On Sep 07, 2010, at 17:40, Peter Tyser wrote:
Hi Kyle,
The latest u-boot.git still seems to have the P2020DS lines that I referenced in "Makefile", and it has no references at all to "P2020DS" in the "boards.cfg" file.
It looks like the top-level Makefile is still required for boards that support multiple configs, eg 'make P2020DS_36BIT' will configure U-Boot to compile a 36-bit addressable U-Boot image while 'make P2020DS' will configure a 32-bit addressable U-Boot image, but they both use the same Makefile rule with some fancy parsing. So I guess if you have a need for both a 32 and 36bit version of U-Boot you'll to modify the Makefile like your original patch did unfortunately. If you don't need to support both U-Boot configs, you can go the route of other similar boards that are only in boards.cfg, eg P4080DS, P1022DS, XPedite5370, etc.
Hmm... Well I'd like to just have my config always be 36-bit to support up to 4GB of RAM. On the other hand, I also still need to support 32-bit kernels (with only 2GB of usable RAM, obviously). Unfortunately right now I don't see any way of doing both from the same U-Boot image and device tree, as a 36-bit U-Boot maps critical I/O much higher in physical address space.
This leads to another question: Is there any way to create a memory hole just like x86_64 systems do? Specifically, I'm thinking about a physical memory-map like this:
0x00000000 - 0x7fffffff [ 2GB] DDR2 Memory 0x80000000 - 0x9fffffff [512MB] PCIE3 Window 0xa0000000 - 0xbfffffff [512MB] PCIE2 Window 0xc0000000 - 0xdfffffff [512MB] PCIE1 Window 0xe0000000 - 0xefffffff [256MB] FLASH (2x128MB) 0xf0000000 - 0xffffffff [256MB] Miscellaneous I/O resources 0x100000000 - 0x17fffffff [ 2GB] DDR2 Memory, inaccessible to 32-bit OS
This is basically the same as my current 32-bit memory mapping, but with all memory above 2GB mapped separately further up in the address space.

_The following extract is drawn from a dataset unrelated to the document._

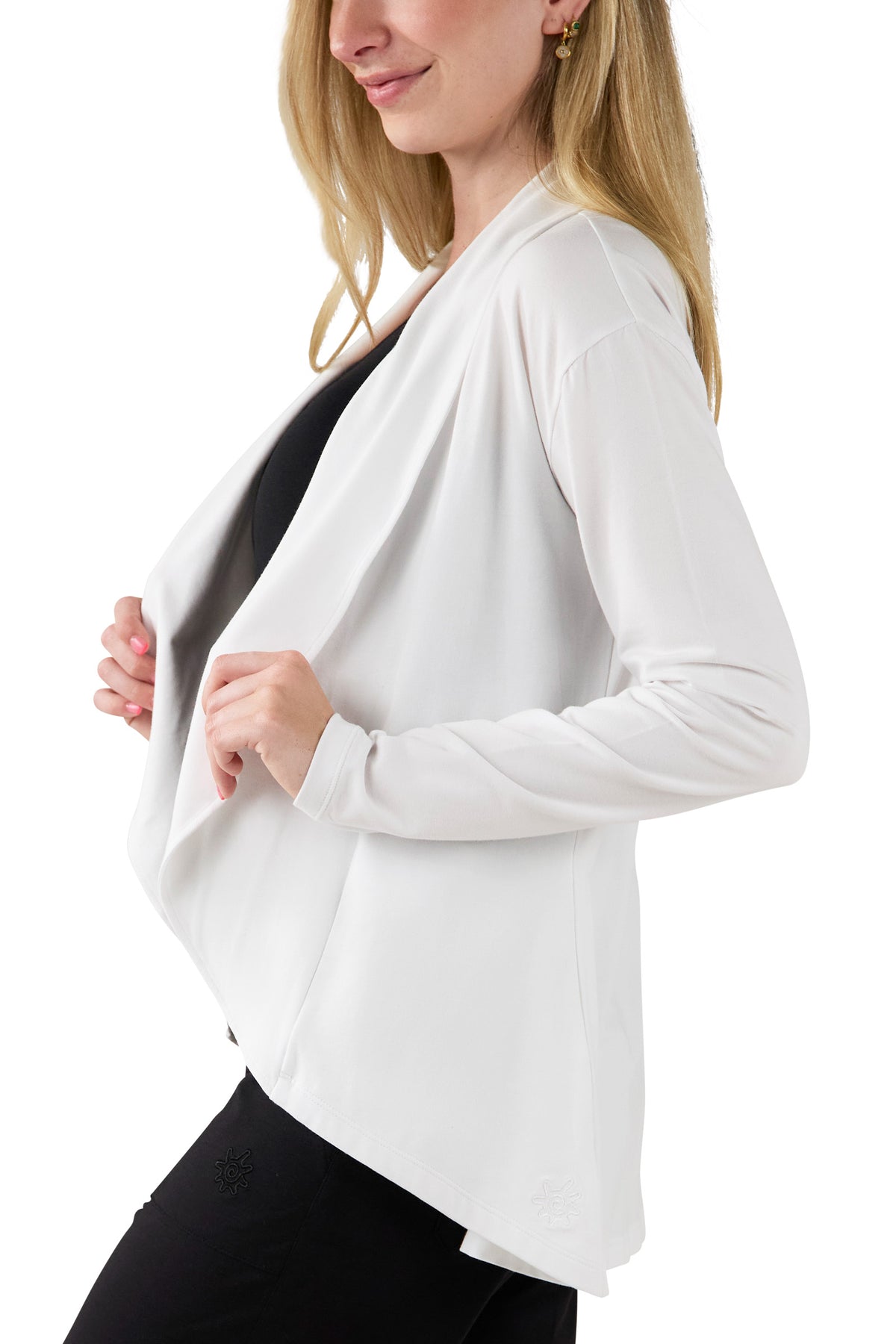 Women's Long Sleeve Cascade Sun Layer
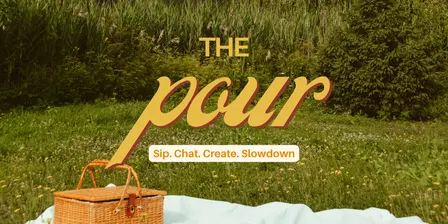The Pour: Spring Social | A South Asian Community Gathering in Brisbane by Lassi & Letters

From what I understand there would be 2 parts to the change:
(1) Modifying U-Boot to have "memory hole" start and end addresses, between which it would not create TLB entries that map to RAM. (2) Modifying U-Boot and/or the kernel to split the RAM into 2 ranges in the device tree.
I'm very willing to try to tackle this, but I'd need some pointers from the U-Boot community about where to start.